Below is the full stylesheet used when I added the extension object:

<?xml version="1.0" encoding="utf-8"?>
<xsl:stylesheet version="1.0" xmlns:xsl="http://www.w3.org/1999/XSL/Transform"
    xmlns:scr=http://www.myNamespace>
    <xsl:output method="xml" indent="yes"/>
 
    <xsl:template match="example">
        <xsl:element name="root">
            <xsl:apply-templates select="//myDate"></xsl:apply-templates>
        </xsl:element>
    </xsl:template>
 
    <xsl:template match="myDate">
        <xsl:element name="formattedDate">
            <xsl:value-of select="scr:FormatDateString(./text())" />
        </xsl:element>
    </xsl:template>
 
 
</xsl:stylesheet>

Note that the msxml namespace reference is not included, but that our custom namespace is.  The “http://www.myNamespace” is our mapping key.  Back in the module code above you’ll see that when we call AddExtensionObject we include this namespace.  The parser will then map this namespace to the methods within the extension object.  So when the parser see scr:FormatDateString in the stylesheet it will call the FormatDateString method in our FormatMethods class.

My example is very weak since I’m just dealing with formatting a date, but the technique is there for whatever you need to do.  A few benefits I see with using extension objects:

  • More concise code in both your helper functions within the Extension Object and in your stylesheets.
  • Share commonly used functions across stylesheets.
  • Have the fun functionality of the .Net Framework inside your transforms, just be aware of what your doing.
  • And the #1 benefit (IMO): Better unit testing of your functions.  I can easily create a unit test around the FormatDateString function and ensure it is doing what I want it to.  This is much easier than trying to test code that is trapped inside a script tag within a stylesheet.

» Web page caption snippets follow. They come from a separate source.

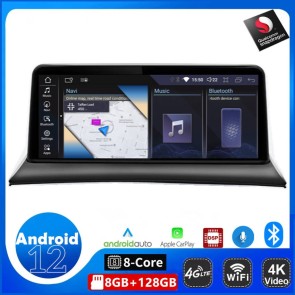 10,25" Android 12 Autoradio Stéréo GPS Navigation Lecteur DVD de Voiture pour BMW X3 E83 (2004-2010)-1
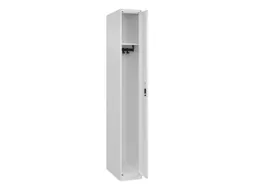 locker,HxBxD 1850x250x500mm,1vak,vak B 250mm,cil.-slot,staand op vloer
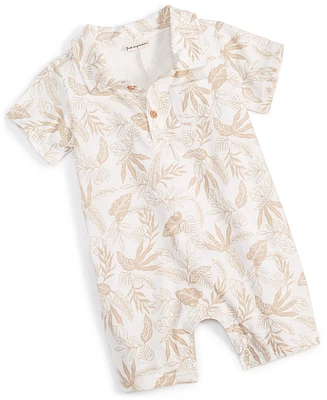 First Impressions Baby Boys Botanical-Print Sunsuit, Created for Macy's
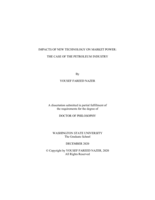 Impacts of New Technology on Market Power: The Case of the Petroleum Industry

This is a cool tool to put in your toolbox for when you need to share some code between stylesheets.  Be aware of what you are doing with it and as always, check the performance of your project.  Be aware if what you are doing within the extension objects is causing memory bloat or other side effects. 

Security Note: The use of Extension objects requires Full Trust.  Bummer. Something to keep in mind.

Reader’s Note: Do not confuse Extension Objects for XSLT with the new Extension Methods features in .Net.  They are completely different.

All code compiled and tested using VS.Net 2008 targeting the .Net 2.0 Framework.